No quid pro quo?

Methinks that someone is not telling the whole truth. I very much doubt that Mr Ahmadinejad is, but I also doubt the British Foreign Office is either.

The crisis ended after Mr Ahmadinejad said Britain had sent a letter to the Iranian Foreign Ministry pledging that it would not enter Iranian waters again. Britain continues to insist that the team was never in its territorial waters.

Although the Foreign Office would not discuss details of the diplomatic note it delivered over the weekend, Government sources said Britain was willing to prevent such confusion arising again over the sensitive maritime border between Iraq and Iran.

The Ministry of Defence says it has incontrovertible evidence that the eight sailors and seven Royal Marines were 1.7 nautical miles inside Iraqi waters when they were arrested during a search of an Indian vessel on March 23.
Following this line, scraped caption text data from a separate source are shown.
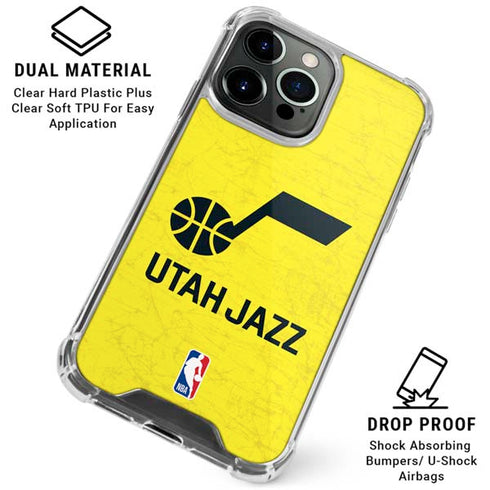 NBA Utah Jazz Yellow Texture iPhone 15 Pro Clear Case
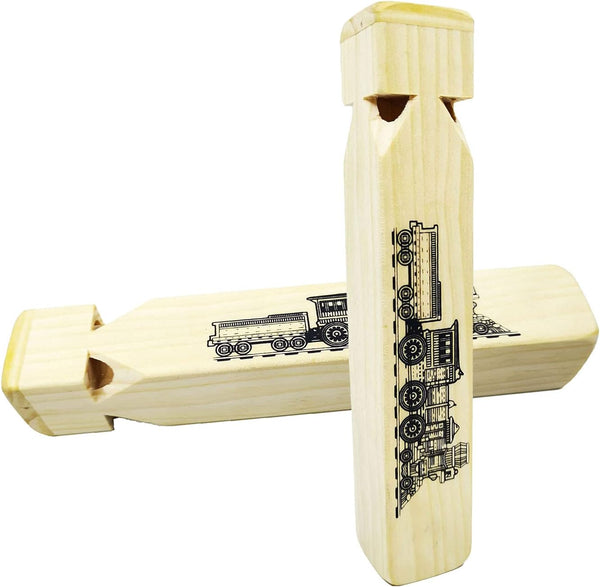 2 PCS Wooden Train Whistle Musical Toy for Kids, 4 Tone
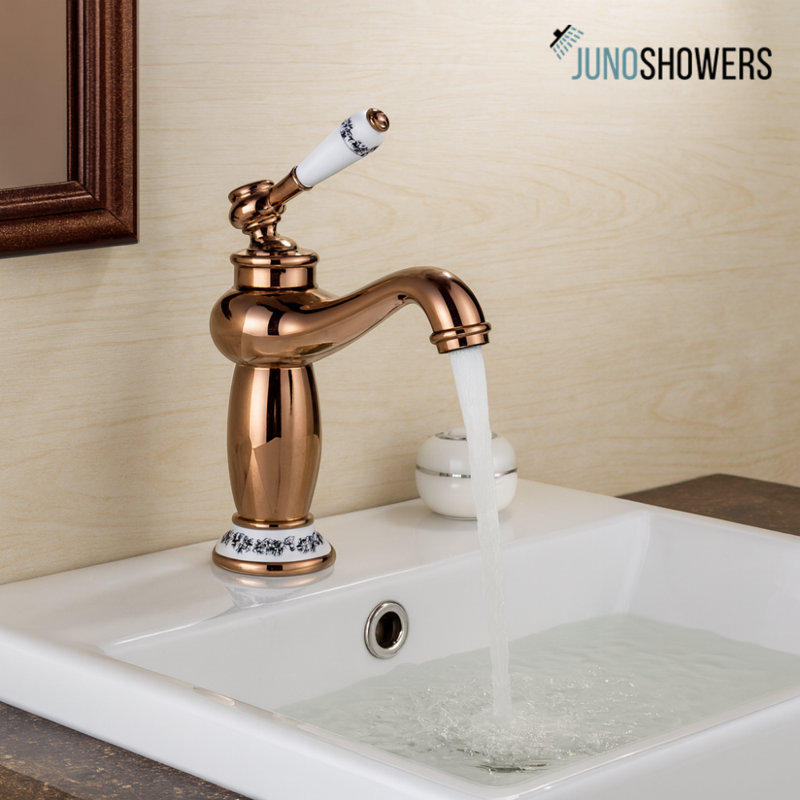 Rose Gold Finish Bathroom Basin Sink Faucet – Single Handle by Juno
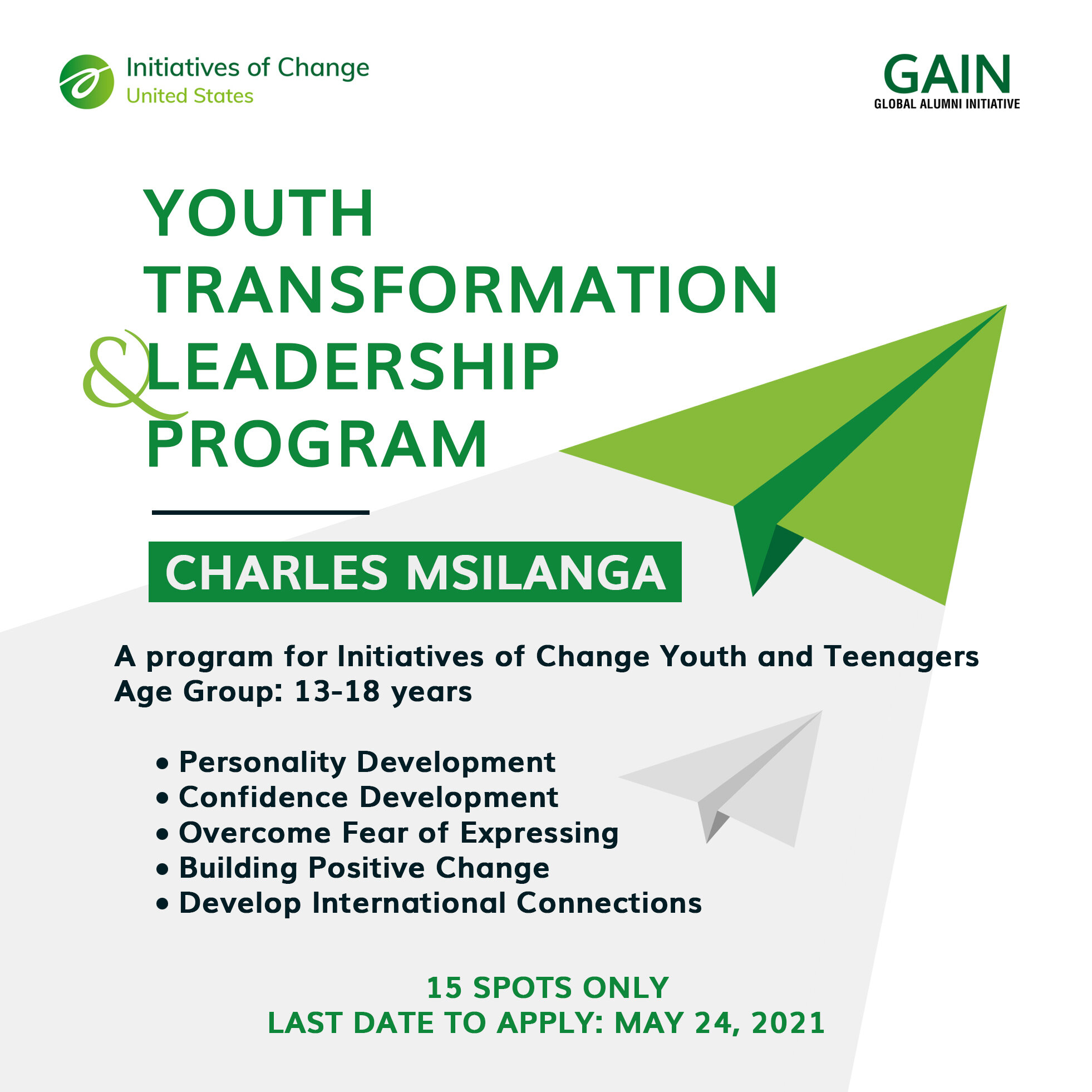 Youth Transformation & Leadership Program — IofC US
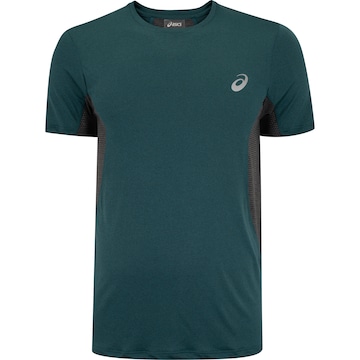 Camiseta Masculina ASICS Manga Curta Respirável de Secagem Rápida Refletiva Mescla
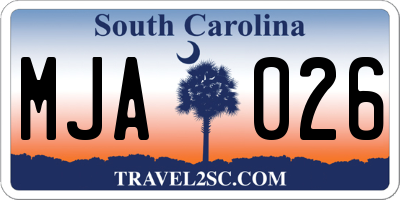 SC license plate MJA026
However, the Iranians have won a significant propaganda and political coup, according to John Bolton, the Right-wing former US Ambassador to the United Nations. They had conducted an experiment that was “a low-cost way of testing British resolve”, he said….

Despite the official denials of a deal, there were indications of intense diplomatic activity to persuade Teheran to release the hostages.

Iran’s official IRNA news agency reported yesterday that an Iranian representative was to meet five of his countrymen detained in Iraq by US forces in January. It follows the release on Tuesday of Jalal Sharafi, an Iranian diplomat who was captured by gunmen in Baghdad in February.

I’m sure that the one release following the other was just a happy coincidence. If my theory is correct, the five other detained Iranians will be quietly released within a month or so, once the press interest fades.